Da sociabilidade literária de uma geração que valoriza as trocas, vai se definindo uma variedade de estilos

O LANÇAMENTO coletivo dos novos livros dos poetas Fabiano Calixto ("Sangüínea"), Fábio Weintraub ("Baque") e Ruy Proença ("Visão do Térreo"), que acontece na próxima terça-feira, às 18h30, na Livraria Martins Fontes da avenida Paulista, responde por um recorte paulista na abstração que ainda é a poesia brasileira do século 21. Da sociabilidade literária de uma geração que valoriza e reivindica as trocas, vai, aos poucos, se definindo uma variedade de estilos, ainda que sempre atravessados pela urgência pedestre do presente.
Ruy Proença, 50, engenheiro de minas, autor de "Como um Dia Come o Outro" (Nankin, 1999), bestiário discreto que esquadrinha o real a partir da valorização da vocação transformadora, metamórfica, da imagem poética, radicaliza em "Visão do Térreo" sua linhagem muriliana. O diálogo é com o Murilo Mendes final, de "Mundo Enigma" e "Ipotesi", gesto prometeico da linguagem e identificação orgulhosa com o mito e natureza inúteis como fósforos molhados. Simples e diretos, seus versos registram nosso encontro diário e anticlimático com um juízo final em conta-gotas, como na morte-em-vida de "Escrivaninha": "pusemos a escrivaninha/ na praia/ e nos sentamos/ bem amarrados à cadeira [...] encalhados/ na maré-cheia/ escrevemos no papel/ a única palavra://cadáver".
A guinada em direção a uma lírica urbana a que não falta a virulência e a abjeção do leitor de um Roberto Piva corrigido pela retração do eu e por uma abertura programática (deformação profissional?) às vozes alheias, em especial às desarticuladas à força, reinventou o poeta Fábio Weintraub, 40, psicanalista e editor. Como "Novo Endereço" (Nankin, 2002), "Baque" mergulha seu leitor num violento, vizinho e remoto mundo das ruas, colocando-o "de cócoras" e "sob as marquises", na intimidade de putas e mendigos, alternando a identificação dramática ("agora só lambo caco/ vivo mijado e com fome") com o objetivismo descritivo de encontros impossíveis ("franjinha sebosa", "ela é devota de algo ou de alguém/ e seu sono conta pontos/ no placar sombrio de algum país/ aonde os versos não chegam").
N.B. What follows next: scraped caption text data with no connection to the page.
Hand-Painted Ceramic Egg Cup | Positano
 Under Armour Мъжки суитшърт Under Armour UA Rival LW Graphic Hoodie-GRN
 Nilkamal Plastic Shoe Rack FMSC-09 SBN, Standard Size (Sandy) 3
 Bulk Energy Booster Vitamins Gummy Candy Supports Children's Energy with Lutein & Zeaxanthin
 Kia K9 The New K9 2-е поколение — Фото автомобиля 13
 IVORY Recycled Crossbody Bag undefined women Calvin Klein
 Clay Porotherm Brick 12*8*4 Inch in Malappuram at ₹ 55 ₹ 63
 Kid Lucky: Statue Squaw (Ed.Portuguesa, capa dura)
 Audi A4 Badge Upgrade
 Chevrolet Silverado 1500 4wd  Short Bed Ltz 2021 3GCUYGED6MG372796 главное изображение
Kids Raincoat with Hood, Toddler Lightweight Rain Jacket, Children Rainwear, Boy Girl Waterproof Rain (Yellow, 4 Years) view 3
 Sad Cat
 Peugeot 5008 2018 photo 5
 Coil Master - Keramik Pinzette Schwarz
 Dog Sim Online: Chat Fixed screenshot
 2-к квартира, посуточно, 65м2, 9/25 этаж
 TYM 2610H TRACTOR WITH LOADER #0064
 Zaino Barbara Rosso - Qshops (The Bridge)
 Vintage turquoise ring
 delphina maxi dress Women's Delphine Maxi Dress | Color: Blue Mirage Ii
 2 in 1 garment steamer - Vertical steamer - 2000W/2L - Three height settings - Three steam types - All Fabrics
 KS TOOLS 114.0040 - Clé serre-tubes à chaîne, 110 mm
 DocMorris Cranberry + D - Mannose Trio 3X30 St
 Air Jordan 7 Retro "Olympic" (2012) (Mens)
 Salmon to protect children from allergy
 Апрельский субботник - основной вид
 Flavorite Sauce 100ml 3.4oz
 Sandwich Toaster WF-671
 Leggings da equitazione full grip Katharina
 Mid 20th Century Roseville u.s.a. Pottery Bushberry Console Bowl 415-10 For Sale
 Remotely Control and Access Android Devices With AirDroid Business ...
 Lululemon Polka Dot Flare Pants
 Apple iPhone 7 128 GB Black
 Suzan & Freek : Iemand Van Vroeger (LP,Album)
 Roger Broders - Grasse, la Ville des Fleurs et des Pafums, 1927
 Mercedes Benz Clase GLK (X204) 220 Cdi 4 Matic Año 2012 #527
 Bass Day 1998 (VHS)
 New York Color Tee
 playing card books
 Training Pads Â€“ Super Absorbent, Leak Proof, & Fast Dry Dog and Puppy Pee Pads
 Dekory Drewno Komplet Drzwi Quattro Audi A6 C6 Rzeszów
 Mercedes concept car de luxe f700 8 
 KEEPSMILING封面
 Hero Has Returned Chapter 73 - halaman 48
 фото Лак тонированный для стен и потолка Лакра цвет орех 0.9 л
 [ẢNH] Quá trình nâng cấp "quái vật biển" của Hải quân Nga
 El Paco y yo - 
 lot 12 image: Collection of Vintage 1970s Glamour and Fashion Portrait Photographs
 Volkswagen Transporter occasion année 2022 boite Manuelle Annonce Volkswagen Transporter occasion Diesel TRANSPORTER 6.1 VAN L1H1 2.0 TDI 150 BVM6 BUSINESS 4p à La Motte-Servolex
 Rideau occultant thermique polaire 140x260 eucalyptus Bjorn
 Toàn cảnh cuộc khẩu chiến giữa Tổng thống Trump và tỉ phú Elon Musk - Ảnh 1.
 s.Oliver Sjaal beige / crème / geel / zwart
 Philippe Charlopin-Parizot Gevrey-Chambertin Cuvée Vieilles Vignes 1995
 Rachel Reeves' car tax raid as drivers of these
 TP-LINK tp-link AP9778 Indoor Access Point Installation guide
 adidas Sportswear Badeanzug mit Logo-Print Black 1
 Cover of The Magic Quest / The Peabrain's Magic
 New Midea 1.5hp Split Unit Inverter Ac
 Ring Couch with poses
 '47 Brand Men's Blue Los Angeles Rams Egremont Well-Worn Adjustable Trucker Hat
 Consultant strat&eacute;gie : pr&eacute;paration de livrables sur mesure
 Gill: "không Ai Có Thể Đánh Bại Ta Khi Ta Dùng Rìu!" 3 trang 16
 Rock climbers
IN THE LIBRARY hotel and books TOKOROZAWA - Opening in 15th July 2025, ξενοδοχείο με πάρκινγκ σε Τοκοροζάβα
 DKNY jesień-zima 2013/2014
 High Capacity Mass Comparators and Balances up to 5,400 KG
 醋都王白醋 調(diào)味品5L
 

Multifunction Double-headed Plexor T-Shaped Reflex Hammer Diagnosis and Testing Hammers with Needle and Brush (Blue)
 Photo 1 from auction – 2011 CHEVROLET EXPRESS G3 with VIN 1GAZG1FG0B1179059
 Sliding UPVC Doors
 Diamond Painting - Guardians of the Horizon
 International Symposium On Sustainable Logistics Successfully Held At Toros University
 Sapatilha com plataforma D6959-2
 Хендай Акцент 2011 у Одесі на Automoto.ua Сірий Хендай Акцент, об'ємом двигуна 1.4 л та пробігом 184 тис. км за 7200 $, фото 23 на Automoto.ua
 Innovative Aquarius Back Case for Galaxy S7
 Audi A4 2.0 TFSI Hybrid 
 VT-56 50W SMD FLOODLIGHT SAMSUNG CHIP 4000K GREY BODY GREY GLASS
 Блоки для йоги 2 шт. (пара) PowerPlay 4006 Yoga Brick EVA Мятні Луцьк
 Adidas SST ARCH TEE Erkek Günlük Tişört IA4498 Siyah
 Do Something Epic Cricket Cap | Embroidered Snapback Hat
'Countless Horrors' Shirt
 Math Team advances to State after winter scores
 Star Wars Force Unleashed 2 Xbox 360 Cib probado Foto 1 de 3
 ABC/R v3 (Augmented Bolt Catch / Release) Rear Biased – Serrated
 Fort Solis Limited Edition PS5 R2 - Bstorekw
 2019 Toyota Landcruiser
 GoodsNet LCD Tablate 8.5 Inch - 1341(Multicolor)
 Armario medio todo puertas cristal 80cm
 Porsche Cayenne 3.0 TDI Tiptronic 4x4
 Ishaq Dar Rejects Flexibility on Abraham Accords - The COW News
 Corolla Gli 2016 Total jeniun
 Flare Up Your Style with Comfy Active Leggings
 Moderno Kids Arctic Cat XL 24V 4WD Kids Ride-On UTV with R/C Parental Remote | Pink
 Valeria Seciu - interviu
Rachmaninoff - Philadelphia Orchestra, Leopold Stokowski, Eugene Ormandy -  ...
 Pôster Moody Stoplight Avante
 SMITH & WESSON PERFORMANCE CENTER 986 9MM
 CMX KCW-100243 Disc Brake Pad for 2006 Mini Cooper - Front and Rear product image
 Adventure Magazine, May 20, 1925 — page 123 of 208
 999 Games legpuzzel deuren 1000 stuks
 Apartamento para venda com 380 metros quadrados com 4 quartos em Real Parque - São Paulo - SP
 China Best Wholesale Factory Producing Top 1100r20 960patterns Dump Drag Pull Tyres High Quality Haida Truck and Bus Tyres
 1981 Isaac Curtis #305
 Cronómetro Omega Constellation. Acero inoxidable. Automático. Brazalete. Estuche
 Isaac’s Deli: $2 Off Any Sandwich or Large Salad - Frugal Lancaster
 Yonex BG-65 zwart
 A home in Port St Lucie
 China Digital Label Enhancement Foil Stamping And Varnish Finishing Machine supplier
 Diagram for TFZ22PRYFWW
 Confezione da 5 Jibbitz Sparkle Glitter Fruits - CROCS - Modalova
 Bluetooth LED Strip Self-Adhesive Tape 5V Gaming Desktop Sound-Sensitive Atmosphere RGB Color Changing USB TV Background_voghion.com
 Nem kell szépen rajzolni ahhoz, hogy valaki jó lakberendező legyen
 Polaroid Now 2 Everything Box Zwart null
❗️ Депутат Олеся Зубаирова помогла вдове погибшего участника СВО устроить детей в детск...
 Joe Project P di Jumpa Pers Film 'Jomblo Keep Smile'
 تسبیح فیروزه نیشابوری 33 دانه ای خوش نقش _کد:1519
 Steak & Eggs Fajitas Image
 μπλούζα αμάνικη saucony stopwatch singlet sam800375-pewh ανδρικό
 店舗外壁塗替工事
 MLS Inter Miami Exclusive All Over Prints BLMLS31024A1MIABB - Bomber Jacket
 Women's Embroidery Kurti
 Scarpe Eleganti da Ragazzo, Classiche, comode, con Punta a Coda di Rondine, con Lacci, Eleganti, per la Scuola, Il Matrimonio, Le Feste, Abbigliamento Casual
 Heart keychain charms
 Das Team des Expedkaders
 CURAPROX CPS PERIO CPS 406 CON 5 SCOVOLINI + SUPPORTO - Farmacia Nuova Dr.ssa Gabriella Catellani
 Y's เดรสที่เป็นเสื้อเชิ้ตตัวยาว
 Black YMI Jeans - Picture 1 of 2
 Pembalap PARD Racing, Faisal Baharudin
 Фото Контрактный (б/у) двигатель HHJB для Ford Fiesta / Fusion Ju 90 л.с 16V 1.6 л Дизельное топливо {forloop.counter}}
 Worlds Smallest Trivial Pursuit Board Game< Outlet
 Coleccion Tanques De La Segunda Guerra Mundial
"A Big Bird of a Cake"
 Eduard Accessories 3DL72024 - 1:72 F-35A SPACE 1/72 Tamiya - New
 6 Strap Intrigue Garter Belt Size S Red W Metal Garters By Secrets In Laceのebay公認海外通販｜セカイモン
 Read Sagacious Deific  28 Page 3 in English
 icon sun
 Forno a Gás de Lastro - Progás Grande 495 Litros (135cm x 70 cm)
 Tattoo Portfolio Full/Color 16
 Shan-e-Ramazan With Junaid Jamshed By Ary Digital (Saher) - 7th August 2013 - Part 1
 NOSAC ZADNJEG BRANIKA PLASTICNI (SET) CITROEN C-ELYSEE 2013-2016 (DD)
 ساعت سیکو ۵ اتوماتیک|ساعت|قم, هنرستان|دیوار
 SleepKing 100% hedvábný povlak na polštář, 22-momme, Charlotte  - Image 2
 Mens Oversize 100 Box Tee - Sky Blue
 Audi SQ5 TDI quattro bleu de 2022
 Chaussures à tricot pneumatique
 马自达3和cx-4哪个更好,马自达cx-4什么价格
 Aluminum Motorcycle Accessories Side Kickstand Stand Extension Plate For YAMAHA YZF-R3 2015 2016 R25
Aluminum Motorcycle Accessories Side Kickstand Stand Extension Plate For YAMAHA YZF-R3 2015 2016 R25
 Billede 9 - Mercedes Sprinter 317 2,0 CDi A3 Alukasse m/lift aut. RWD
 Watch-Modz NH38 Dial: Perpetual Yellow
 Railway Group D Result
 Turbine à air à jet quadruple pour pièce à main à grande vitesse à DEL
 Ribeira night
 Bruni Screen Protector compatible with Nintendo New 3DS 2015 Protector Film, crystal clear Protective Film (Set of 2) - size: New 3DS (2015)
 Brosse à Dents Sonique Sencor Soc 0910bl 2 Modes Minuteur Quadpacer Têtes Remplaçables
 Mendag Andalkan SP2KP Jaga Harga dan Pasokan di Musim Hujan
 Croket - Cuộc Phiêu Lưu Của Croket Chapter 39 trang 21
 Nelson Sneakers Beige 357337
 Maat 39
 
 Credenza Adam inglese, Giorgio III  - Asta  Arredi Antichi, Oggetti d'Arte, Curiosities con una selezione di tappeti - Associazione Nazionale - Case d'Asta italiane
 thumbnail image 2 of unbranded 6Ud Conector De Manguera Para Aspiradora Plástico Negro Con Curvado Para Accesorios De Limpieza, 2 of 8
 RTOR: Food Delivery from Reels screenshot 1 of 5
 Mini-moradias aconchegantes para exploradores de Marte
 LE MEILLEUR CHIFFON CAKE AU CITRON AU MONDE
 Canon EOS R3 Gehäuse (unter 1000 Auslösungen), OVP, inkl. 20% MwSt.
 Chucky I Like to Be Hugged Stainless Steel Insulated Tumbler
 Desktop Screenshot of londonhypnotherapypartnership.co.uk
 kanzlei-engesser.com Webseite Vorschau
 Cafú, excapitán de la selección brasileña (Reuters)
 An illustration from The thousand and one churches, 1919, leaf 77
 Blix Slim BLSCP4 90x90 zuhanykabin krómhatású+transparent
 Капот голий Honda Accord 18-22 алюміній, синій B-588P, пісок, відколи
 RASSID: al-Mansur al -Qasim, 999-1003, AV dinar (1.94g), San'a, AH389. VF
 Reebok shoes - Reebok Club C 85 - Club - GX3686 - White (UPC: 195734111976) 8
Tecnicamente mais atrevida, tocando nos extremos dos versículos whitmanianos e dos estilhaços epigramáticos, "Sangüínea", do pernambucano radicado em Santo André Fabiano Calixto, 34, combina referências e alusões ecléticas e contemporâneas. O seu "Rilke shake" de linguagem (para usar o título feliz de Angélica Freitas) tem sopro ora amplo e narrativo, notação expansiva da experiência, ora de câmara, voltado para o momentâneo e o fugidio. Forja uma dicção de risco que, poesia, vive da "vontade de delicadeza", mas "delicadeza azeda" (Marcos Siscar), a possível quando o eu se deixa atravessar pela brutalidade atual, impossível de economizar, e que vai dando cara à novíssima lírica brasileira.


SANGÜÍNEA/BAQUE/VISÃO DO TÉRREO
Autores:
Fabiano Calixto, Fábio Weintraub, Ruy Proença
Editora: 34
Quanto: R$ 26 (128 págs.); R$ 22 (72 págs.); R$ 24 (112 págs.)